Chapter 413 413: Respect (1)
The silence stretched until it became unbearable, a living thing pressing down on the clearing. Even the leaves overhead seemed to hold their breath, as if the forest itself awaited his verdict.
Lindarion let it linger. Let them feel the weight of it, of him. His voice, when it came, was not loud, but it carried, each syllable striking like steel across stone.
"Stand."
The word rippled through the crowd. The elves hesitated, as though the command itself were sacred, then rose in near-unison. Their movements were reverent, every gaze fixed upon him with an intensity that threatened to smother.
Lindarion's golden irises swept over them. He did not smile, nor soften.
"I am Lindarion of Eldorath," he said, each word deliberate, measured. "But that name alone no longer defines me. The World Tree has seen fit to lay its mark upon me, and through it, upon all of you."
He paused, letting the meaning sink in. Even Ashwing's usual quips had fallen silent inside his mind.
"This is not blessing without burden.
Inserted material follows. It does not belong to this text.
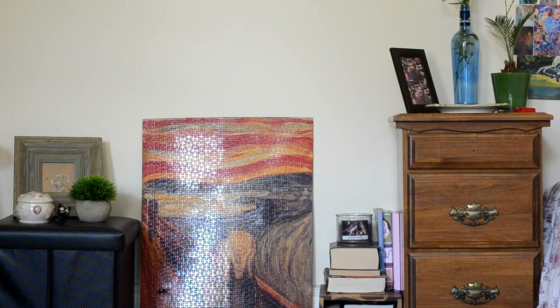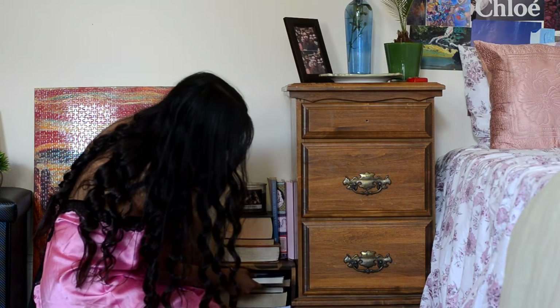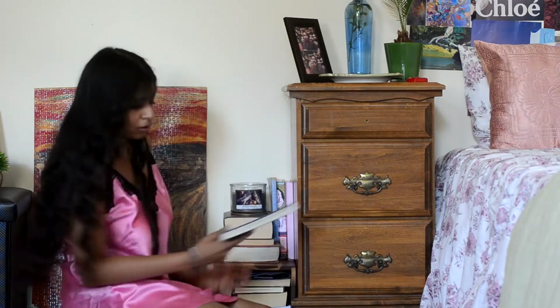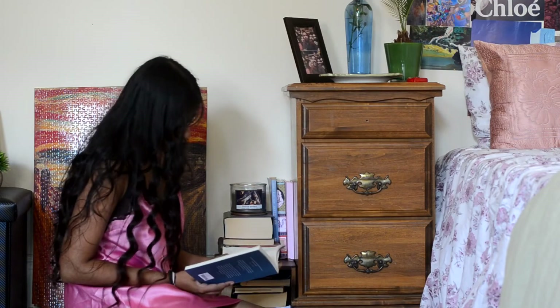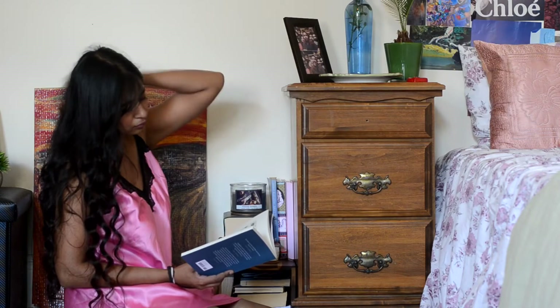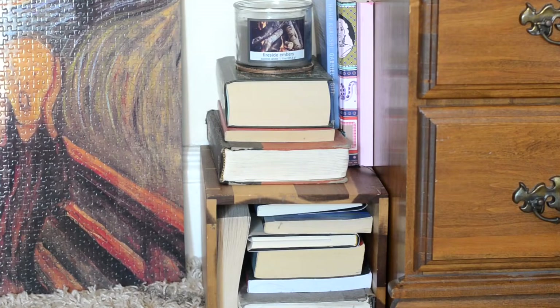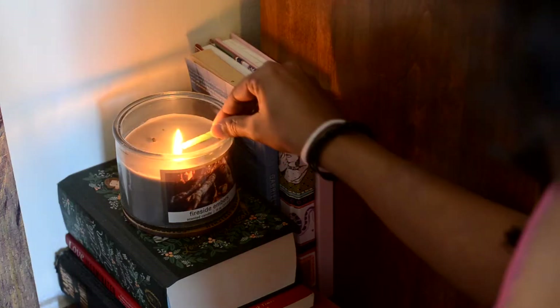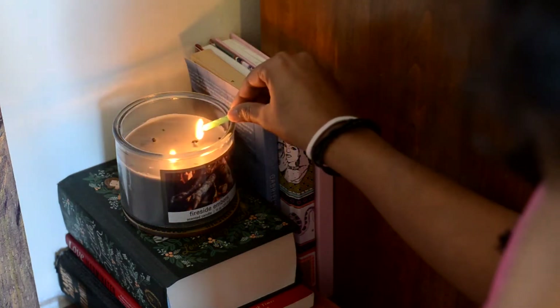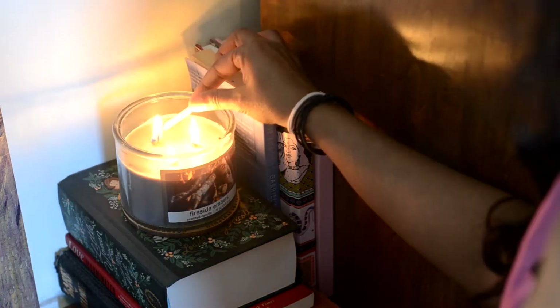Next to my bedside table I have this little mini library setup. There's a wooden box that holds most of my novels — thicker novels go on top — and I also have my journal and daily planner next to it. This candle I got from Target on sale literally acts as a bookend. I feel scented candles add warmth and coziness, especially in winter, so I'm saving it for then.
Power has been given, and with power comes expectation." His hand rose slightly, the faint glow of the World Tree still coiled within his veins, spilling faint radiance into the dusk. "The Tree has chosen me to walk a path that leads beyond war and ruin. But make no mistake, ruin will try to follow. It always does."
A murmur coursed through the elves, hushed but fervent, their eyes wide.
"You look to me now as if I were more than flesh. I am not." His voice sharpened, cut with truth like tempered steel. "I bleed. I break. And if I fall, so too will your faith."
The words struck them harder than any boast could have.
He let his hand drop to his sword hilt. "But know this. If ruin dares approach your forests, if shadow creeps near your roots, I will be the blade that cuts it down. I will not run. I will not yield. That is my vow to you."
The silence afterward was not emptiness but a roar contained, an ocean before the tide. Elves straightened, spines stiff with something new, not just reverence, but conviction.
At the front, Vaelthorn and Sylwen exchanged a glance, their faces unreadable, though Lindarion caught the flicker in the king's eyes: recognition. The kind a warrior had when he saw another take a step no return would follow.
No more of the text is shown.